3.1.3. Mixed Presentation

This protocol is easy to implement but offers the greatest challenge for intuition. All three phages are growing in one culture of both hosts. In contrast to the other two protocols, the generalist quantities NAB|A and NAB|B cannot be separated from each other because the generalist is infecting both hosts in the same culture: its numbers from one host affect its numbers on the other host. To create a combined value for the generalist merely trivializes the problem to the point of uselessness. Some of these challenges have been addressed in models that assume a constant abundance of hosts [31], but the protocols for host range evolution often violate this assumption.

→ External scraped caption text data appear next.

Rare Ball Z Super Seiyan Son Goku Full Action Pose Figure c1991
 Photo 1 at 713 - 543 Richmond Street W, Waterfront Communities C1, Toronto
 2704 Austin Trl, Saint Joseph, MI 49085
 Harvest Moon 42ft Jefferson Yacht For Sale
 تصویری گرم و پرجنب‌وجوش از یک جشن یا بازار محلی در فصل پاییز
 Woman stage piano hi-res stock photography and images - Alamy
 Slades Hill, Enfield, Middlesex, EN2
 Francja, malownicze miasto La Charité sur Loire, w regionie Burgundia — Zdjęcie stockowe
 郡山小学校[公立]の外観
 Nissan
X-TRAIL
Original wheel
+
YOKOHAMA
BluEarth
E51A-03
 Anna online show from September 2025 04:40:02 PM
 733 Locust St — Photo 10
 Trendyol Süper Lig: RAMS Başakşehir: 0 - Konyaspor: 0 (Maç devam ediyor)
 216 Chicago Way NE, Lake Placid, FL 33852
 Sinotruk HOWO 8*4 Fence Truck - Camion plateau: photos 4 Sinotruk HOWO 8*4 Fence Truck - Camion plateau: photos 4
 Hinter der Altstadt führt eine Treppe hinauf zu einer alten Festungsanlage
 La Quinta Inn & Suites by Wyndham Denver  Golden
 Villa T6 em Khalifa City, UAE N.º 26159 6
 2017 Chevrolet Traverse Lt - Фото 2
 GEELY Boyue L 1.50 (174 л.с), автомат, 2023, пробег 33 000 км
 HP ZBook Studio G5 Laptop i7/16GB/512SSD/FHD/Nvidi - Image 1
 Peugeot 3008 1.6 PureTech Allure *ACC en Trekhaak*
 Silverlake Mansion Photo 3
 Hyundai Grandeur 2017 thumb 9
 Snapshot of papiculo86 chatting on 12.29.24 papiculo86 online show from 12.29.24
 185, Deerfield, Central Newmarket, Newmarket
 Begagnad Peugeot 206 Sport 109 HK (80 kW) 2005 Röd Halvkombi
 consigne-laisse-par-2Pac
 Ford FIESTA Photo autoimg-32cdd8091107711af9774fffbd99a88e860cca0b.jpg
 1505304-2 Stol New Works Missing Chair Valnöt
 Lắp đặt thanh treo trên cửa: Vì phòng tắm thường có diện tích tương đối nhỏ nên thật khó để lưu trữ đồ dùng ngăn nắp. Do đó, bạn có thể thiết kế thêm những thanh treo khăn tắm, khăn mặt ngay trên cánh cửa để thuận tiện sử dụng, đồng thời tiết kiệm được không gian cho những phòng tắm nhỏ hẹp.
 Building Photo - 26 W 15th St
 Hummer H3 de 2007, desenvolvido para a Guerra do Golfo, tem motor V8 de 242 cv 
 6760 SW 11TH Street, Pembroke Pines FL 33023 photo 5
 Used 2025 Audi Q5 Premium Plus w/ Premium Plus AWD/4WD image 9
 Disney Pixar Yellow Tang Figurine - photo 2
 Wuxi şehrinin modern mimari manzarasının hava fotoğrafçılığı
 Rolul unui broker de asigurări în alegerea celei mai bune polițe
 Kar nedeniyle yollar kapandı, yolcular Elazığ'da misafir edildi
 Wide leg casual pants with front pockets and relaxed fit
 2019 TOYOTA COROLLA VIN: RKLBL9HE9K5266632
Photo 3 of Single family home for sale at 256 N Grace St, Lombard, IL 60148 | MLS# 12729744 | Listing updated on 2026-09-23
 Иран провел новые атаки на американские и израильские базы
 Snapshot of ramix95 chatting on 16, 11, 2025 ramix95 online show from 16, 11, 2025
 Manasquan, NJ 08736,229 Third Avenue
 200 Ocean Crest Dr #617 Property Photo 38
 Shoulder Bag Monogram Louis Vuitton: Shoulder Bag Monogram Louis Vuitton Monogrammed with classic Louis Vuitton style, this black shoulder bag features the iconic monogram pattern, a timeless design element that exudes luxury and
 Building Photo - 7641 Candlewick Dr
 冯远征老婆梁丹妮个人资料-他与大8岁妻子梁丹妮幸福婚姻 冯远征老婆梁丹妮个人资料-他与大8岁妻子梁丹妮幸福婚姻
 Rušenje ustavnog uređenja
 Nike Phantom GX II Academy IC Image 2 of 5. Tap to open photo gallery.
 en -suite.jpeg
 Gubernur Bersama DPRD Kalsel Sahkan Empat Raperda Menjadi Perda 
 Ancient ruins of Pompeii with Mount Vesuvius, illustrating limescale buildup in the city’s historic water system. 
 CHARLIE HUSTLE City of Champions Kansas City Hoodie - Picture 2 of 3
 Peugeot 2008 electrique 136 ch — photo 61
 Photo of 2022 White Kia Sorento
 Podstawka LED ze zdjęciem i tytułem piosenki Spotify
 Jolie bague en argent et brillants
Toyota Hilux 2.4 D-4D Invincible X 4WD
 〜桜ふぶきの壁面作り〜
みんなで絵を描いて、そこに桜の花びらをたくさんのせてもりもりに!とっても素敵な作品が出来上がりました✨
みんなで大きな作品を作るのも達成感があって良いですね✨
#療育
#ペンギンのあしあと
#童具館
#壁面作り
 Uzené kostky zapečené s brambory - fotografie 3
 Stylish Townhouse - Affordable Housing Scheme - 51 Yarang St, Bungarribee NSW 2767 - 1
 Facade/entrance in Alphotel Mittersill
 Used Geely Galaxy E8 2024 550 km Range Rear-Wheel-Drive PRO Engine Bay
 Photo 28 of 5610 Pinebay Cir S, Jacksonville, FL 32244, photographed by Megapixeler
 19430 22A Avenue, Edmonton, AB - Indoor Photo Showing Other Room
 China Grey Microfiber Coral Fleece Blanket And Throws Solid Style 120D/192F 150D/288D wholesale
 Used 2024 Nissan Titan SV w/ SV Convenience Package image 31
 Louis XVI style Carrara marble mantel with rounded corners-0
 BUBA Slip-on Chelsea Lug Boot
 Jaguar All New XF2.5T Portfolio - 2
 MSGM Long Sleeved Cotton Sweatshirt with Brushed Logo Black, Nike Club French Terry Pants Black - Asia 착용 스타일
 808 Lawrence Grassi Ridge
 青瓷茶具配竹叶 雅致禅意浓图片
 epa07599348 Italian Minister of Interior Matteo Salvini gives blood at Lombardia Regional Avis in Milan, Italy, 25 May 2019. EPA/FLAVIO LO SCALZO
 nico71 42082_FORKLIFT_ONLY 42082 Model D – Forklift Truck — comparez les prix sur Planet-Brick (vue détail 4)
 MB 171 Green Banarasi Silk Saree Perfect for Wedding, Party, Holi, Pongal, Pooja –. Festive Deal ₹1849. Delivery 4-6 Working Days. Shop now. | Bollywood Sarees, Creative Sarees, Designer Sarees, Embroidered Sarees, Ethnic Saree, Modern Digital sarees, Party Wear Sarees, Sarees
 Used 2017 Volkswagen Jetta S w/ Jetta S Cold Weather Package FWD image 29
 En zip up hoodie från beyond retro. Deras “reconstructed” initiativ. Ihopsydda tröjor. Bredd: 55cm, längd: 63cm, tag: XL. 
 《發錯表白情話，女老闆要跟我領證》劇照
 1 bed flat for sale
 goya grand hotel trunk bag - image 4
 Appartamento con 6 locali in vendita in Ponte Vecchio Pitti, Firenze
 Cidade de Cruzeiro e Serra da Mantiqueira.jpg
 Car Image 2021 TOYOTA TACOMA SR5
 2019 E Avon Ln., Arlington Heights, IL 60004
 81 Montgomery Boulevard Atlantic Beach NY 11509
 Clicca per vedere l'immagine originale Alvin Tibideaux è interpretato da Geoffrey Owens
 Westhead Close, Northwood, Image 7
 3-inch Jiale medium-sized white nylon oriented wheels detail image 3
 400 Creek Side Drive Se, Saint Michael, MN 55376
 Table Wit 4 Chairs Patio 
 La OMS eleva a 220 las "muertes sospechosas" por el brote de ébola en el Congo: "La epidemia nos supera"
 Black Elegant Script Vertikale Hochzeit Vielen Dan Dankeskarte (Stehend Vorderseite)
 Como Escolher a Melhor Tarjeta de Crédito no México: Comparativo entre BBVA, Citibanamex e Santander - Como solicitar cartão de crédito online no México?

We thus rely entirely on numerical analyses for Mixed presentation.

3.2. Numerical Analyses

To provide a more quantitative sense of selection, we numerically analyze ordinary differential equations similar to those in Equation (1a,b) that encode phage growth, bacterial growth, and bacterial death from phage attack (see Methods for the structure of equations, see Data Availability for access to the files). Our approach is to compare the different host-presentation protocols, but it should be appreciated that, even with just two hosts, many variations are possible within one host-presentation protocol, affecting the dilution at the end of a cycle, the duration of a cycle, initial conditions, and bacterial growth. Our approach is to consider a limited set of conditions for one presentation protocol, then to vary some of those conditions to measure the impact on the types of phages retained. A systematic analysis that varies many conditions together would be unmanageable. The intent is to develop a sense of what set of conditions an empiricist might use to steer the outcome toward generalists or specialists, but any empirical application will likely benefit from numerical analyses tailored specifically to it.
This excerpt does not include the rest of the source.